KPMG’s 2018 CEO Outlook suggests that CEOs have an ambivalent relationship with data. Technology itself isn’t really the issue. In fact, 95 percent of the leaders we surveyed see technological disruption more as an opportunity than as a threat. They also reported that they have trust in predictive analytics and historical data. However, these same leaders said that they don’t plan to increase their use of predictive analytics models or unstructured data in the near future. More to the point, 78 percent of US CEOs said that they have overlooked data-driven insights in favor of their intuition at some point over the last three years.
So why do business leaders trust the numbers ─ but only so far ─ when it comes to making complex decisions?
I think the answer has to do with the fact that we can only prove data analytics applications over time. With simulation models of revenue growth, we have to keep adjusting variables over months and even years to see if our assumptions are correct. In the meantime, we have to rely to a large degree on our instincts and what we have found to work in the past.

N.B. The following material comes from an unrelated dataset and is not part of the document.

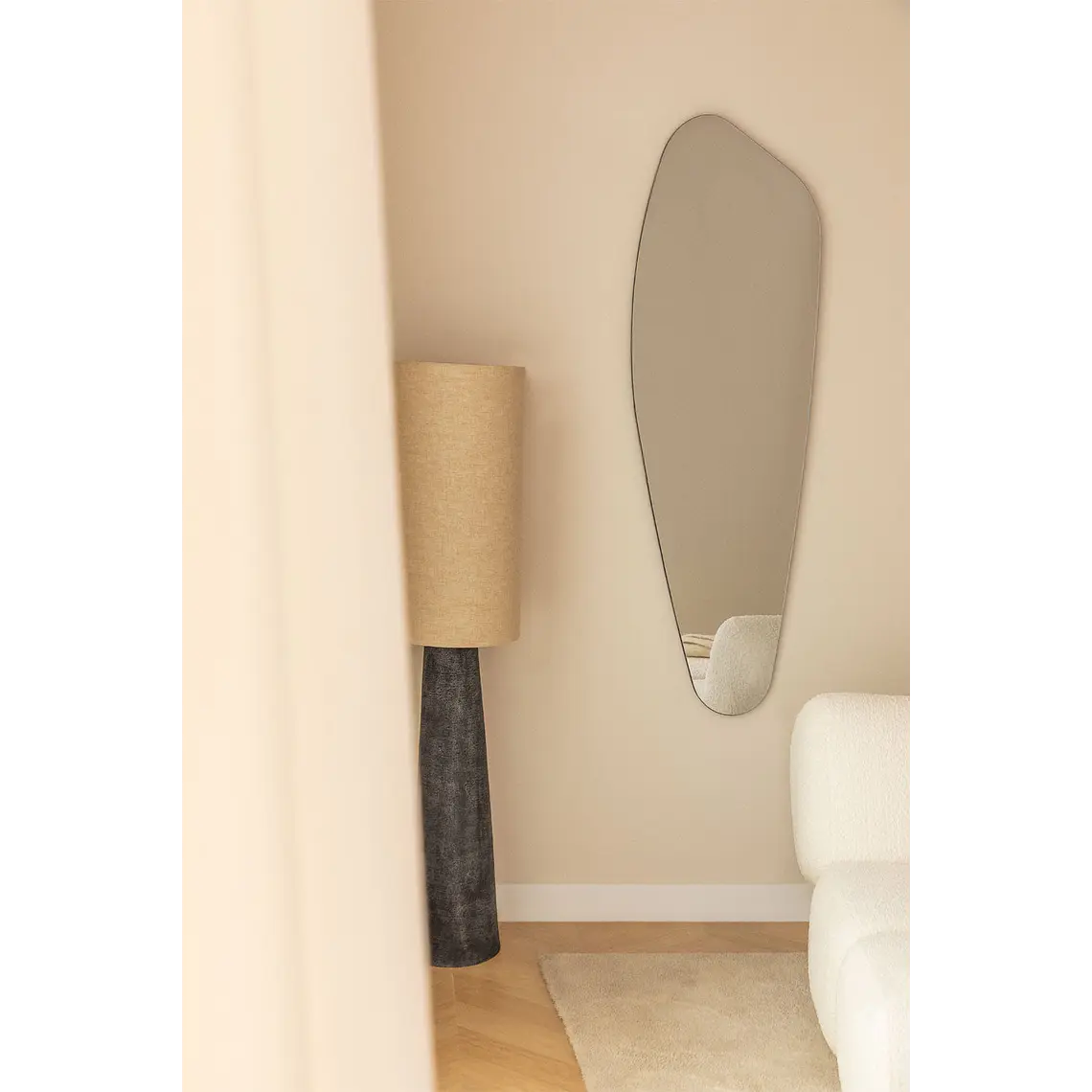 Espejo de dormitorio Riven 145x45 cm 1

However, many problems today are so complex and present so many variables that technology is the only way to find the answers we need. One example involves scheduling optimization for large organizations such as sports leagues, hospitals, universities and transit authorities. I’ve had the opportunity to collaborated with colleagues across the globe and witnessed the value these algorithms can provide to the decision making process. The algorithms have been designed to assist in reducing costs, improving efficiencies, and optimizing service delivery ─ all while ensuring that a broader range of objectives and challenges are integrated and evaluated as part of the process.
I believe that it’s not really a matter of humans versus machines but rather humans and machines working together. This means that we’ll have to swallow our pride a bit and rely more on this technology in the years ahead.
With GBS, CEOs can use analytic technology the way it was intended ─ not as a substitute for decision making but as a tool for decision makers. Leaders will still go by instincts but only along with technology ─ and maybe technology more than instincts as applications mature.
In fact, analytic modeling and multi-disciplinary decision making with GBS will be even more important as business partnering, alliances and collaboration becomes increasingly complex. For example, we see incubators today where startups use crowd sourcing to attract workers on an ad hoc basis to solve multiple problems. In this sort of complex, rapidly shifting ecosystem, GBS supports the ability to fully utilize resources in a collaborative, flexible way while still maintaining governance over many stakeholders and multiple activities concurrently.
As another benefit, GBS allows CEOs to monitor and improve their modeling applications to better identify the business value of their data. In our business realization group, my colleagues track data usage and measure the return on assets through GBS governance structures. This in turn helps drive more efficient modeling and data usage.
In the future, business leaders will most likely find themselves using technology more often as applications mature and business environments increase in complexity. The key is to adopt new technologies in line with proper governance in line with business strategies.